Adaberto Mondesi. The Royals have no reason not to see what they’ve got with Mondesi at the major league level these days, and he’s looked pretty impressive lately. The batting average is never going to be a selling point, but he’s been on a tear lately (.304 average, 1 homer, 6 RBIs, 2 SBs over his last 5 games) and is certainly a name to keep in mind for anyone looking for some second-half speed.
Less than 10% owned:
Franmil Reyes. Reyes didn’t quite look major-league-ready after the Padres surprisingly called him up earlier this season, but after a demotion, he’s once again back with the big club. The Padres outfield is a little murky, but if Reyes stay up and gets some playing time, power-hungry deep-league teams may want to take note.
Ronald Guzman. I don’t know if Guzman is ultimately the Rangers’ first baseman of the future, but I know he’s the corner infielder of the present in one of my deep leagues. He’s hitting .260 on the year, which isn’t great, but interestingly, he is a left-handed batter who is hitting .326 against lefties. He has 8 homers on the year now, which also isn’t great for 66 games played, but it’s an understatement to say he’s been hot lately, as he’s batting .526 over the last week.

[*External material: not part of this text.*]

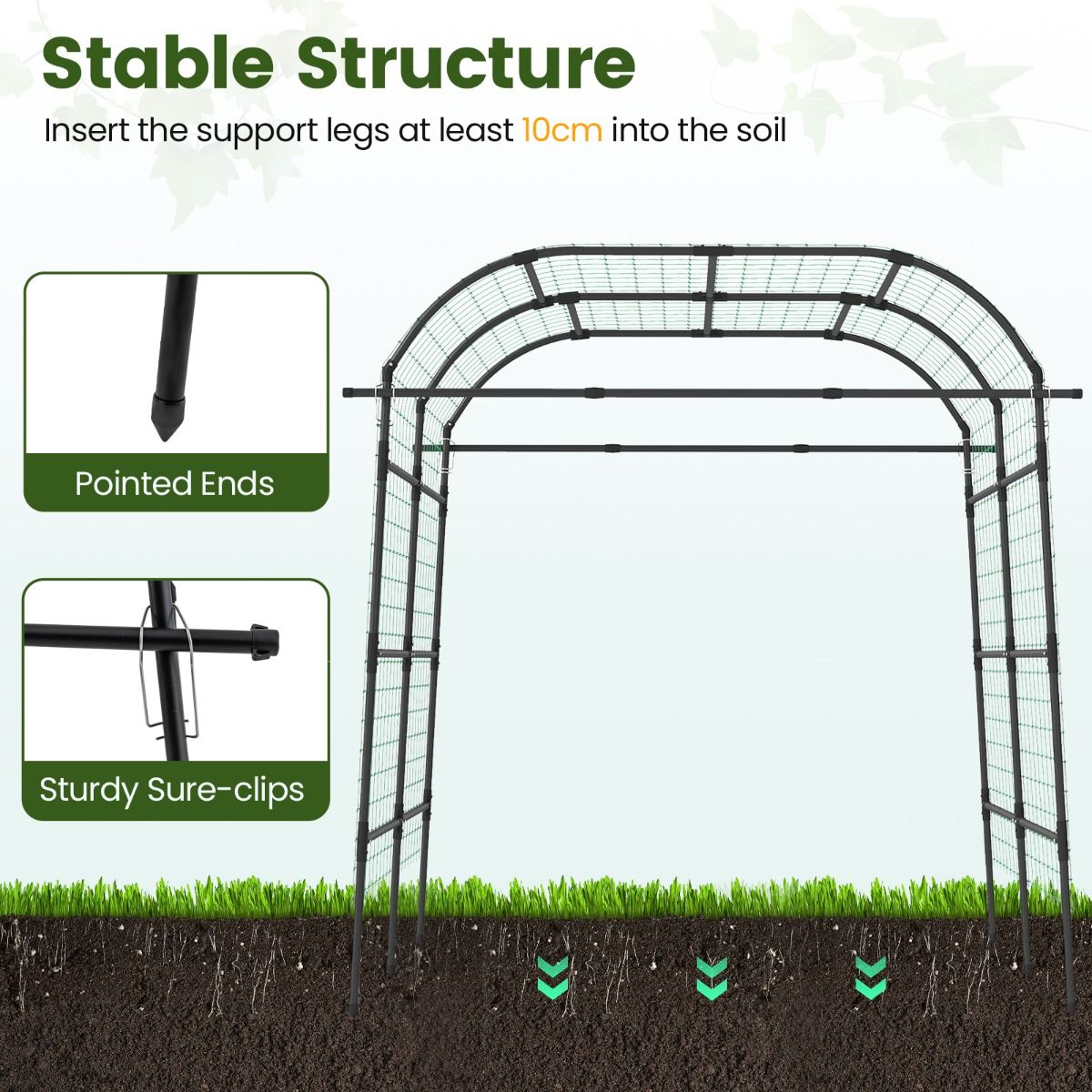 Arceau pour plantes grimpantes Coast - Treillis de jardin en forme de U - Structure métallique - Noir - 205,5 x 181 x 230 cm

Mark Canha. I mentioned Canha several weeks ago, and he’s continued to hit enough to remain deep-league relevant. His average is at .262, so things could get worse there before they get better (that’s about 20 points above his career average), but he’s up to 11 homers now, and he’s not a crazy flier if you need power.

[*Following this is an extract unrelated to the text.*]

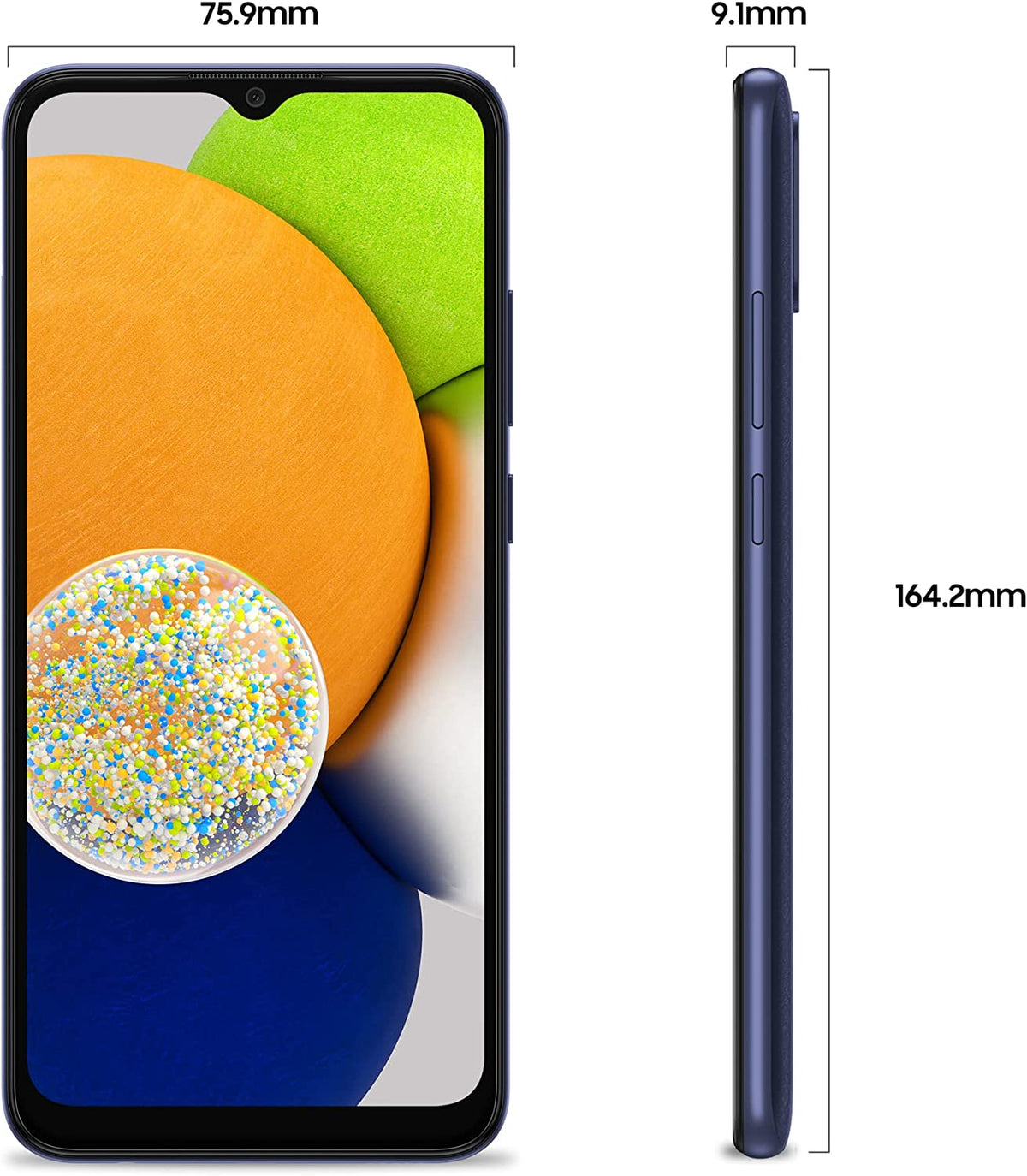Samsung Galaxy A03 Android Smartphone - 6.5 Inch HD+ Display, Dual Camera, Long Battery Life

Steve Pearce. He’s not flashy, he’s 35 years old, and he doesn’t exactly excel at any of the standard fantasy categories. He’s been hitting lately though (his batting average is currently at a robust .330, with a .381 OBP), he’s on a super-good team, he qualifies at 1B and OF in most leagues, and he’s getting a halfway-decent amount of playing time. In ultra deep league venues, that’s sometimes enough!
Less than 5% owned:
Andrew Toles. Toles will need some help in terms of other players’ injuries to stay on the big-league roster in the second half, let alone contribute in fantasy, but he could end up being of some use with the right combination of Dodgers outfielders getting hurt or just not producing. He’s come through in the past when given the chance, and he had two hits, 2 RBI, and 2 runs scored in his first game of 2018 on Monday.

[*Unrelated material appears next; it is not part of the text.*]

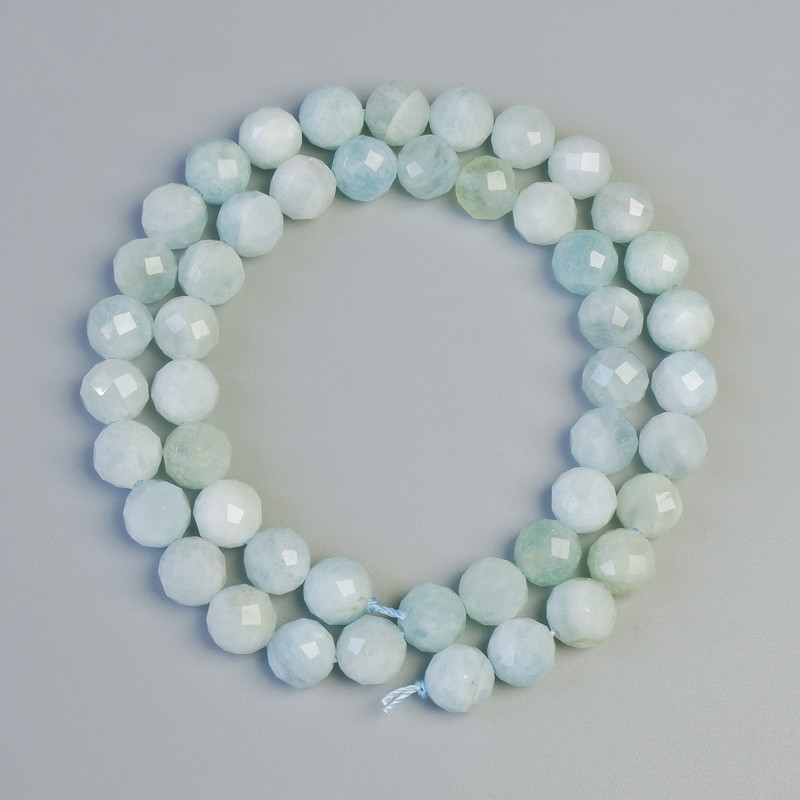 Aquamarine Beads, Natural Stone, Faceted Round Bead, 8mm ±, Length 39cm ± on Thread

Tyler Saladino. The Brewers have both a crowded outfield and infield when they’re healthy, but Saladino has some deep-league appeal even when fighting for at bats with Brad Miller, Jonathan Villar, Hernan Perez, and the rest of the Brew Crew. He fits the profile of the Craig Counsell-type player than Craig Counsell himself seems to love, and Saladino is hitting .279 with 4 homers and a steal in very limited (61) at bats.
Jake Cave. Cave has almost a 30% strikeout rate this year, but is still managing a .286 average for the Twins. He has 3 homers and 9 RBI in just 63 at bats, and that was before Wednesday, when he had 2 more hits including a triple, scored 2 runs, and had another RBI. Not bad for a 2%-owned fellow!